If process is xnack on, then GPU page fault show retry page fault
message, otherwise show no-retry page fault message, to avoid misleading
when debugging application page fault issue.
The process lookup from pasid is done inside retry fault handler
svm_range_restore_pages, add xnack_on parameter to pass process xnack
setting back to amdgpu_vm_handle_fault and then to gmc interrupt handler
to show vm fault message.
Signed-off-by: Philip Yang <Philip.Yang at amd.com>
---
drivers/gpu/drm/amd/amdgpu/amdgpu_vm.c | 5 +++--
drivers/gpu/drm/amd/amdgpu/amdgpu_vm.h | 2 +-
drivers/gpu/drm/amd/amdgpu/gmc_v10_0.c | 2 +-
drivers/gpu/drm/amd/amdgpu/gmc_v9_0.c | 7 ++++---
drivers/gpu/drm/amd/amdkfd/kfd_svm.c | 4 +++-
drivers/gpu/drm/amd/amdkfd/kfd_svm.h | 2 +-
6 files changed, 13 insertions(+), 9 deletions(-)

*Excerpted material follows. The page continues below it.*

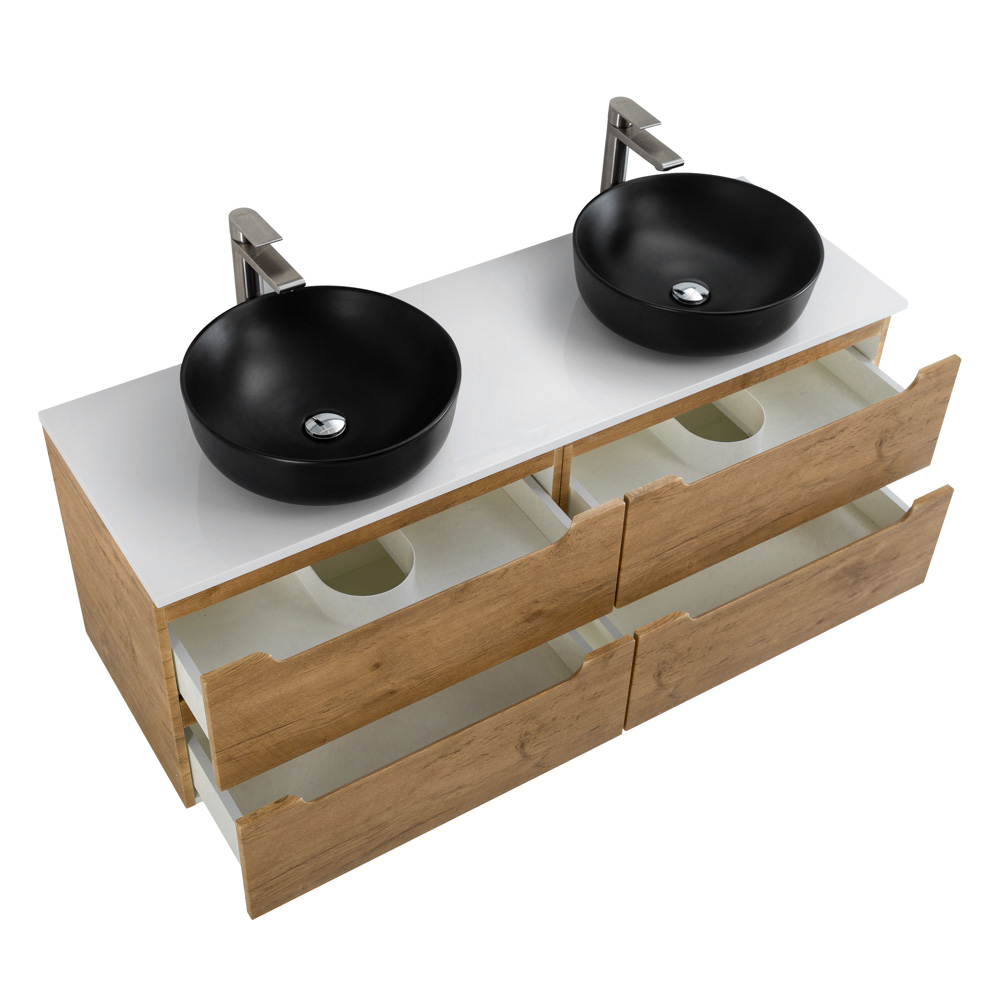 Приобрести belbagno тумба со столешницей etna 140 см, подвесная rovere nature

diff --git a/drivers/gpu/drm/amd/amdgpu/amdgpu_vm.c b/drivers/gpu/drm/amd/amdgpu/amdgpu_vm.c
index 64ddc87f7fb6..58f7ab193027 100644
--- a/drivers/gpu/drm/amd/amdgpu/amdgpu_vm.c
+++ b/drivers/gpu/drm/amd/amdgpu/amdgpu_vm.c
@@ -2757,13 +2757,14 @@ int amdgpu_vm_ioctl(struct drm_device *dev, void *data, struct drm_file *filp)
* GFX 9.4.3.
* @addr: Address of the fault
* @write_fault: true is write fault, false is read fault
+ * @xnack_on: return value, true if the process sets xnack on
*
* Try to gracefully handle a VM fault. Return true if the fault was handled and
* shouldn't be reported any more.
*/
bool amdgpu_vm_handle_fault(struct amdgpu_device *adev, u32 pasid,
u32 vmid, u32 node_id, uint64_t addr,
- bool write_fault)
+ bool write_fault, bool *xnack_on)
{
bool is_compute_context = false;
struct amdgpu_bo *root;
@@ -2788,7 +2789,7 @@ bool amdgpu_vm_handle_fault(struct amdgpu_device *adev, u32 pasid,
addr /= AMDGPU_GPU_PAGE_SIZE;
if (is_compute_context && !svm_range_restore_pages(adev, pasid, vmid,
- node_id, addr, write_fault)) {
+ node_id, addr, write_fault, xnack_on)) {
amdgpu_bo_unref(&root);
return true;
}
diff --git a/drivers/gpu/drm/amd/amdgpu/amdgpu_vm.h b/drivers/gpu/drm/amd/amdgpu/amdgpu_vm.h
index bc71b44387b2..7f364f0b9a60 100644
--- a/drivers/gpu/drm/amd/amdgpu/amdgpu_vm.h
+++ b/drivers/gpu/drm/amd/amdgpu/amdgpu_vm.h
@@ -549,7 +549,7 @@ void amdgpu_vm_put_task_info(struct amdgpu_task_info *task_info);
bool amdgpu_vm_handle_fault(struct amdgpu_device *adev, u32 pasid,
u32 vmid, u32 node_id, uint64_t addr,
- bool write_fault);
+ bool write_fault, bool *xnack_on);
void amdgpu_vm_set_task_info(struct amdgpu_vm *vm);
diff --git a/drivers/gpu/drm/amd/amdgpu/gmc_v10_0.c b/drivers/gpu/drm/amd/amdgpu/gmc_v10_0.c
index d933e19e0cf5..2f0752376236 100644
--- a/drivers/gpu/drm/amd/amdgpu/gmc_v10_0.c
+++ b/drivers/gpu/drm/amd/amdgpu/gmc_v10_0.c
@@ -132,7 +132,7 @@ static int gmc_v10_0_process_interrupt(struct amdgpu_device *adev,
/* Try to handle the recoverable page faults by filling page
* tables
*/
- if (amdgpu_vm_handle_fault(adev, entry->pasid, 0, 0, addr, write_fault))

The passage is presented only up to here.